Here’s an interesting fact about the human body – the tongue actually rests upon the upper palate of the mouth. This seems so contrary to the idea that it is rooted in the lower palate. But this is also one of the main reasons that we find the idea of resting horizontally very appealing. Almost all our organs automatically find their resting position. It is relaxing. It brings a great sense of calm to our being.
While thinking about the natural resting position of the body, I began to think about the resting nature of the mind and the intellect as well. Do we ever allow them a moment’s pause while we are awake? Even in our sleep, our mind tires out with the incessant dreams we conjure. So, truly rest is possible only in a condition of deep sleep. Then, the faculties of our mind and intellect must be exhausted during the course of the day. Running from one thought to another, lapped up in one feeling or another. Truly is there a moment’s rest for the brain?
Perhaps, this is why our ancestors and teachers emphasised so much on finding stillness and silencing the mind. Even as we stare at laptops or books throughout the day, we crave a ‘break’. During the ‘break’, we find ourselves glued to the screens of our mobiles, TV or tabs, watching or consuming other forms of entertainment.

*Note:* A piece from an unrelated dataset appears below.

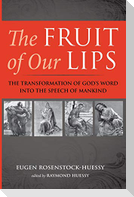 The Fruit of Our Lips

Does our mind ever stop buzzing then?
Imagine the brain which entertains close to 60,000 thoughts in a day. What is the quality of the thoughts entertained? It ranges anywhere from the mundane activities of the day to severely complex problems that we face at work or in school. Where does the mind find the energy or clarity to handle these thoughts? It surely needs its own break to recharge. But so few of us make it a habit to give our mind a break.
In Sanskrit, the term for solitude is ekanta. Eka – one, and anta – the end or goal. Being with one’s own self, without distractions, is the true purpose of solitude. Do not confuse it for loneliness. Finding solitude also doesn’t mean shutting oneself in a place devoid of human presence or trekking to the mountains, far from the madding crowd. Solitude is the very capacity of our minds to shut out distracting thoughts and feelings, to focus on one’s own Self. Yes, ‘Self’.

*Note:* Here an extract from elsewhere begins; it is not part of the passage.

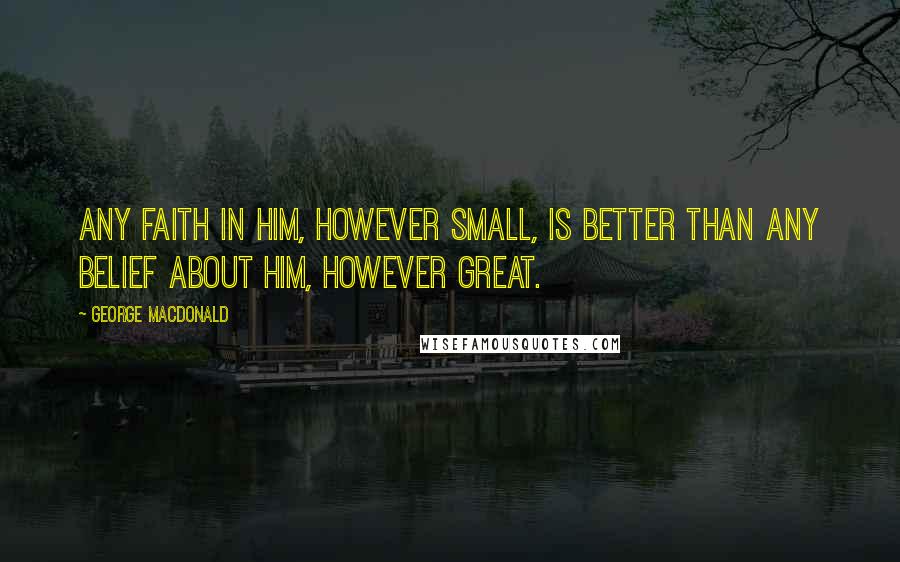 George MacDonald Quotes: Any faith in Him, however small, is better than any belief about Him, however great.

Imagine this ‘Self’ like the sea-bed that supports the thousands of lapping waves every day. The bed doesn’t change. Though the waves are also incessant, for a brief, microsecond, we can observe that which is unchanging and constant. Between two waves, we see the bed, we feel it beneath our feet. Similarly, even as we try to silence our mind, we will be able to find those small moments, where thoughts cease to exist. This is the mind at rest.
So, what is it about the mind at rest, which makes it a strong spiritual practice? A buzzing mind will latch on to various things in its environment. It entertains feelings for people, generates ideas about events and problems, overthinks trivial matters and swings with great volatility between memories of the past and the anxieties of the future. Such a mind loses precious energy. Swami Chinmayananda emphatically calls them ‘leakages of the mind’. A pipe with so many leaks loses all its vitality eventually.
And all the objects of concern, be it things of the world, our relationships with people or even problems to be solved at school or work – they are all temporary and ever-changing. The mind then flits to the next thing. This exercise never ends. The leakages only grow with time. There’s no way to plug the holes than to actually put the mind to rest.
‘The mind at rest is a temple of joy’, Swami Chinmayananda reiterated. Find those moments of stillness and allow your mind to rest. You will find, just like the tongue and the body in deep sleep, that the mind too is fully recharged and closer to its own natural state of being. Silence those thoughts, find your solitude and just be.